Some people use the metaphor of darkness to mean wrongness or evil, but darkness is as sacred as light. It is in the darkness that roots grow, and it is in a time of uncertainty that people can reflect and transform the way they are going to go forward. As we say goodbye to the darkness of winter, let us pause to appreciate it a bit.

 


 

Chalice Lighting

This is the flame we hold in our hearts as we strive for justice for everyone. This is the light we shine upon systems of oppression until they are no more. This is the warmth that we share with one another as our struggle becomes our salvation.

Call to Worship

In the dark I rest,
unready for the light which dawns
day after day, eager to be shared.
Black silk, shelter me.
I need
more of the night before I open
eyes and heart
to illumination. I must still
grow in the dark like a root
not ready, not ready at all.

– Denise Levertov

Affirming Our Mission

Together we nourish souls, transform lives, and do justice to build the Beloved Community.

Learn more about Beloved Community at this link. – The King Center

Meditation Reading

Contemplation is essentially a listening in silence, an expectancy. And yet in a certain sense, we must truly begin to hear God when we have ceased to listen. What is the explanation of this paradox? Perhaps only that there is a higher kind of listening, which is not an attentiveness to some special wave length, a receptivity to a certain kind of message, but a general emptiness that waits to realize the fullness of the message of God within its own apparent void.
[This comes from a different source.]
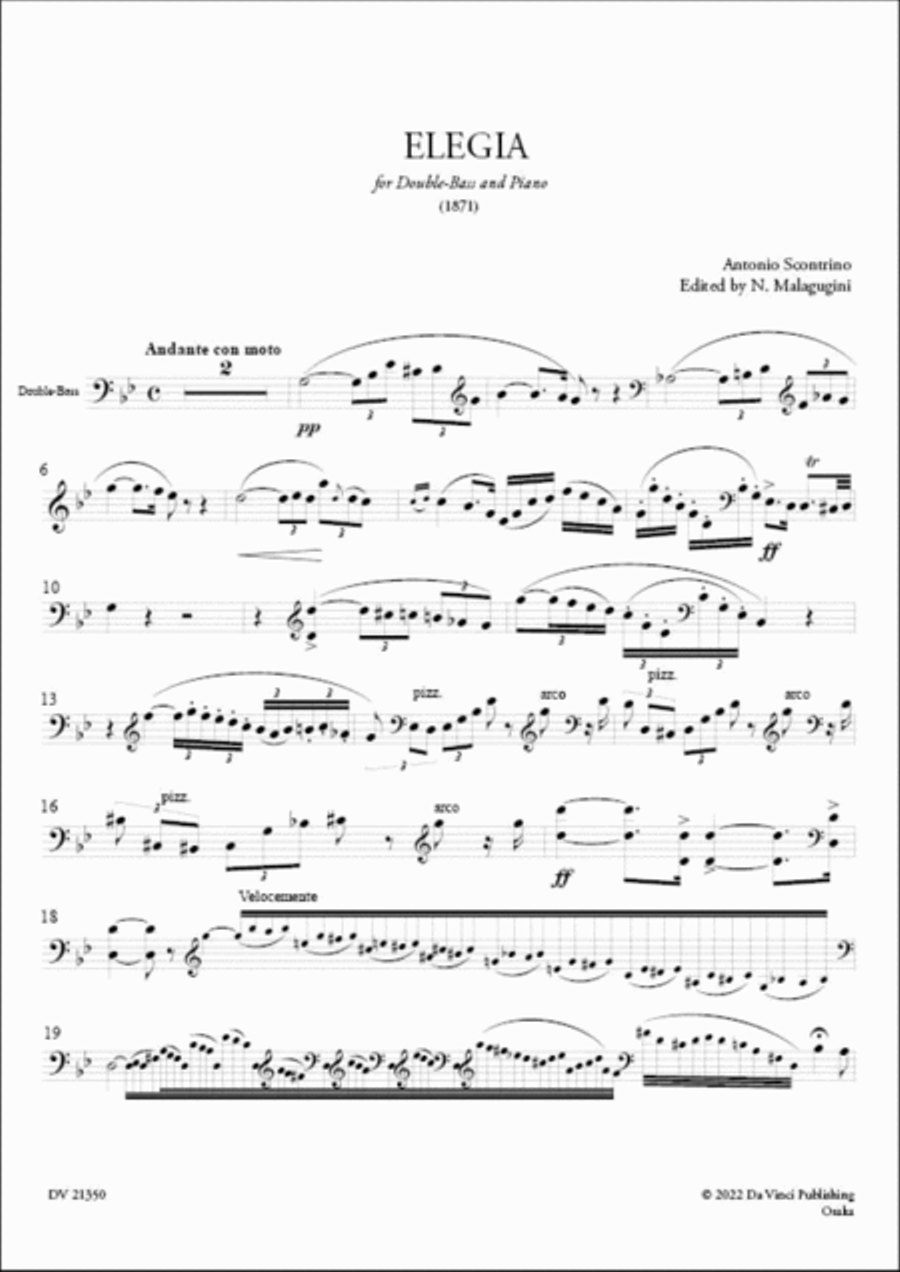 Elegia, for Double-Bass and Piano Double Bass scores gallery preview page 3
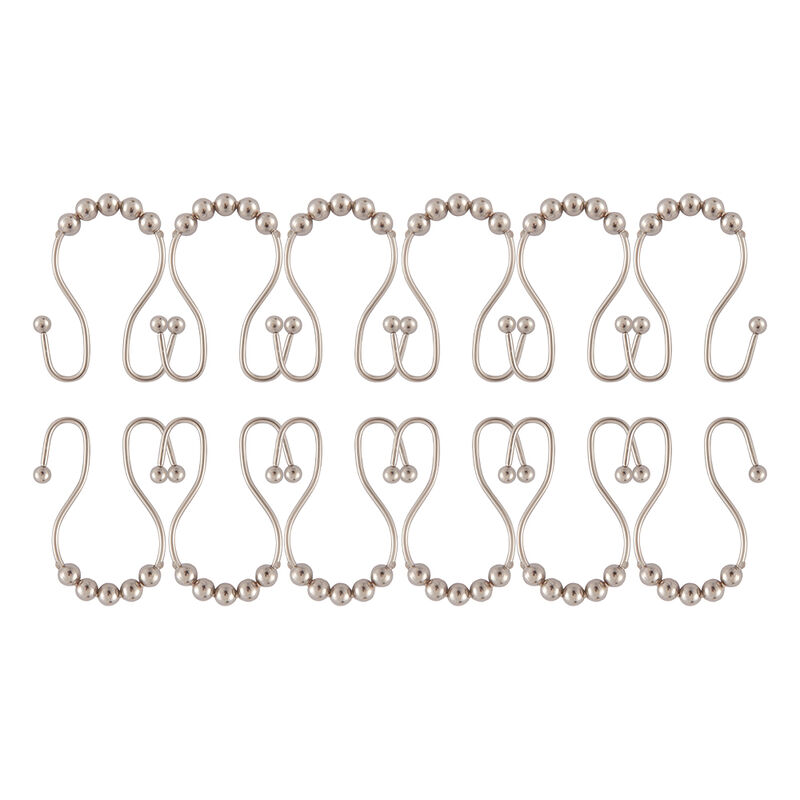 Rust-Proof Stainless Steel Double Shower Curtain Hooks with Smooth Rolling Balls, Set of 12 image number 3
In other words, the true contemplative is not the one who prepares his mind for a particular message that he wants or expects to hear, but who remains empty because he knows that he can never expect or anticipate the word that will transform his darkness into light. He does not even anticipate a special kind of transformation. He does not demand light instead of darkness. He waits on the Word of God in silence, and when he is “answered,” it is not so much by a word that bursts into his silence. It is by his silence suddenly, inexplicably revealing itself to him as a word of great power, full of the voice of God.